Me And My Shadows

by Chris Colverson


Hello Brian!

The first thing we wanted to know about Brian in October 1961 was, of course, “Is he any good?” Well, see what you think…

Foot Tapper at the Final Tour O2 concert

Brian Bennett Esq. was standing in the pit in the Queen’s Theatre in the West End, where he had just agreed to take over from drummer Andy White in a show called Stop the World, I Want to Get Off. Suddenly the discussion about the show was interrupted by a phone call from his wife Margaret. It was September 1961 and Brian was then working the summer season in Yarmouth with Tommy Steele, but he had just accepted the London job to begin around Christmas, at a cushy twenty-five pounds a week. Excusing himself from the conversation with Andy, Brian took the call.

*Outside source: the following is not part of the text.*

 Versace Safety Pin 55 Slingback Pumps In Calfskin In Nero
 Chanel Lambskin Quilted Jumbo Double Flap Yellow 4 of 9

Bruce Welch has just called,” said Margaret, “and he’d like you to join the group – it’s The Shadows you know…”

When Brian later phoned Bruce to tell him that he couldn’t accept because he was currently with Tommy Steele and had just been offered a West End job, Bruce asked him what he’d be getting and said they’d double it! At fifty pounds a week, the offer proved irresistible. When Brian asked Bruce when he wanted to start, he said, “Tomorrow.” Says Brian, “Before I knew it, Peter Gormley was driving me up to Birmingham to join Hank, Bruce and Jet for an appearance on the TV show Thank Your Lucky Stars. I certainly thanked mine.”  

It was indeed the day after this conversation that Brian appeared on TV with The Shadows, miming to Kon-Tiki. Luckily, perhaps, for Brian, Thank Your Lucky Stars was “one of the pop shows on television that allowed groups and singers to mime to their records… Everyone did it,” says Bruce.

In his NME article in October, Tony had given Brian his blessing. saying: “I think The Shadows have secured a really fine drummer in Brian Bennett. I know him very well – he’s extremely capable and in close touch with the idiom. What’s more, he should have a good deal of fun with the boys.”

So how difficult was it to take over from Tony? The first few days couldn’t have been much fun!

Brian (2nd from left) at Cliff’s 21st Birthday party 12th Oct 1961

Says Brian: “I preferred to stay very much in the background in those early days; I’d hate talking on the radio as I’m a terrible speaker, and if a camera with a red light on it even looked as if was going to point in my direction, I’d feel uncomfortable!”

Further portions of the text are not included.